Alternative Perspectives on Human Relations to Other Animals

Given the long- standing view that non-humans are mere things, there are still many who reject the arguments presented here for the moral considerability of non-humans and the significance of their interests. Nonetheless, most now realize that the task of arguing that humans have a unique and exclusive moral status is rather difficult. However, even amongst those who do view animals as within the sphere of moral concern, there is disagreement about the nature and usefulness of the arguments presented on behalf of the moral status of animals.

Some, in the neo-Aristotelian or "virtue ethics" tradition, have argued that while our behavior towards animals is indeed subject to moral scrutiny, the kinds of arguments that have been presented frame the issues in the wrong way. According to many in this tradition, rational argumentation fails to capture those features of moral experience that allow us to really see why treating animals badly is wrong.

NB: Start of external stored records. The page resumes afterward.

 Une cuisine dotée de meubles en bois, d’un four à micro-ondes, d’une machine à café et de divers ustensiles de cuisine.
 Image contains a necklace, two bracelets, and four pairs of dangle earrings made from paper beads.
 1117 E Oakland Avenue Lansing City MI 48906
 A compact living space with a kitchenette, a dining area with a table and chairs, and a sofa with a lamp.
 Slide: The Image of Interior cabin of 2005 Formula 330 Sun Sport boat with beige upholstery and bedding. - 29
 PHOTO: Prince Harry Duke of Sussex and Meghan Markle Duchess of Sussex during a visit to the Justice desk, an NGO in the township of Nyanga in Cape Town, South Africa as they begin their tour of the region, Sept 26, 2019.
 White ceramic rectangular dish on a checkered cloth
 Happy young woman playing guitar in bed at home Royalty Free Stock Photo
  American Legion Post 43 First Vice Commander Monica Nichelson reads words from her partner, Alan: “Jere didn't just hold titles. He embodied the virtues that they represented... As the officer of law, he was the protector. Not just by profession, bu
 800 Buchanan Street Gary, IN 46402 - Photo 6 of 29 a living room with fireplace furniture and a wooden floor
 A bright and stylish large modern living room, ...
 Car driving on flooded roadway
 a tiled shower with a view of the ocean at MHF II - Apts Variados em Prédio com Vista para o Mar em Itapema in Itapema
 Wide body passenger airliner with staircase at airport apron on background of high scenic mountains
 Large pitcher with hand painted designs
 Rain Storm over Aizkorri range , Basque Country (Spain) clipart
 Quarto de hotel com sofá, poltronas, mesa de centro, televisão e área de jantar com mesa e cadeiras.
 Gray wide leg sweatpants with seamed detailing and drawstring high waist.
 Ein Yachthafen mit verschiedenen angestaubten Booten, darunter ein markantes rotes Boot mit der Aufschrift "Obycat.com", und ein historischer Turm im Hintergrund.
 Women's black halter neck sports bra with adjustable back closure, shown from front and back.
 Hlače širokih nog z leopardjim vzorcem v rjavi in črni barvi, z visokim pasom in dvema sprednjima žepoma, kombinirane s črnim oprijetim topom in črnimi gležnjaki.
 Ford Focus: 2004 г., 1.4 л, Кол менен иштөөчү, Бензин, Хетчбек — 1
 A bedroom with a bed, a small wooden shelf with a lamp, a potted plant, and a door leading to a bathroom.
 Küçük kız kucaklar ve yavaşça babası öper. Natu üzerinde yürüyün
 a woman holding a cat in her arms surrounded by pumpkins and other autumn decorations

The point, according to commentators such as Stephen R.L. Clark and Cora Diamond, for example, is that members of our communities, however we conceive of them, pull on us and it is in virtue of this indescribable pull that we recognize what is wrong with cruelty. Animals are individuals with whom we share a common life and this recognition allows us to see them as they are. A person striving for virtue comes to see that eating animals is wrong not because it is a violation of the animal's rights or because on balance such an act creates more suffering than other acts, but rather because in eating animals or using them in other harmful ways, we do not display the traits of character that kind, sensitive, compassionate, mature, and thoughtful members of a moral community should display. And carefully worked out arguments in which the moral considerability and moral significance of animals are laid out will have little if any grip on our thoughts and actions. Rather, by perceiving the attitudes that underlie the use and abuse of non-human animals as shallow or cruel, one interested in living a virtuous life will change their attitudes and come to reject treating animals as food or tools for research. As Rosalind Hursthouse recognized after having been exposed to alternative ways of seeing animals:[3]

I began to see [my attitudes] that related to my conception of flesh-foods as unnecessary, greedy, self-indulgent, childish, my attitude to shopping and cooking in order to produce lavish dinner parties as parochial, gross, even dissolute. I saw my interest and delight in nature programmes about the lives of animals on television and my enjoyment of meat as side by side at odds with one another…Without thinking animals had rights, I began to see both the wild ones and the ones we usually eat as having lives of their own, which they should be left to enjoy. And so I changed. My perception of the moral landscape and where I and the other animals were situated in it shifted. (Hursthouse, 2000, 165-166)

Feminists too have taken issue with the methods of argumentation used to establish the moral status of animals. For many feminists the traditional methods of rational argumentation fail to take into account the feelings of sympathy or empathy that humans have towards non-humans, feelings they believe are central to a full account of what we owe non-humans and why. While many feminists believe, following Hume, that our moral emotions are what ultimately move us to act compassionately towards animals, they do not reject the conclusions that the rights-based theorists or the utilitarian theorists draw. Rather, their criticisms are directed at the idea that these conclusions, drawn through reason alone, can change our behaviors. (See Adams and Donovan 1995.)

Some ecological feminists have also argued that the standard approaches to determining the moral status of animals are flawed. For these critics, the focus on individuals in isolation from their context fails to capture the political structures, particularly the structures of power, that underlie current practices in which animals are used. According to some eco-feminists there is a conceptual link between the "logic of domination" that operates to reinforce sexism and the logic that supports the oppression of non-human animals, a link that translates into individual and institutional practices that are harmful to both women and animals. Gender hierarchies, in which men are thought to be separate from and superior to women share the same structure, according to this analysis, as hierarchies that separate humans from other animals and justify human dominance over the allegedly inferior others. According to an ecological feminist perspective, differences between groups and individuals can be acknowledged without attributing greater or lesser moral worth to those groups or individuals within them and just social relations require that such valuations be avoided. Like many social justice perspectives, the eco-feminist perspective maintains that no one will be free unless everyone is free, and that includes non-human animals. (See, for example, Gaard 1993.)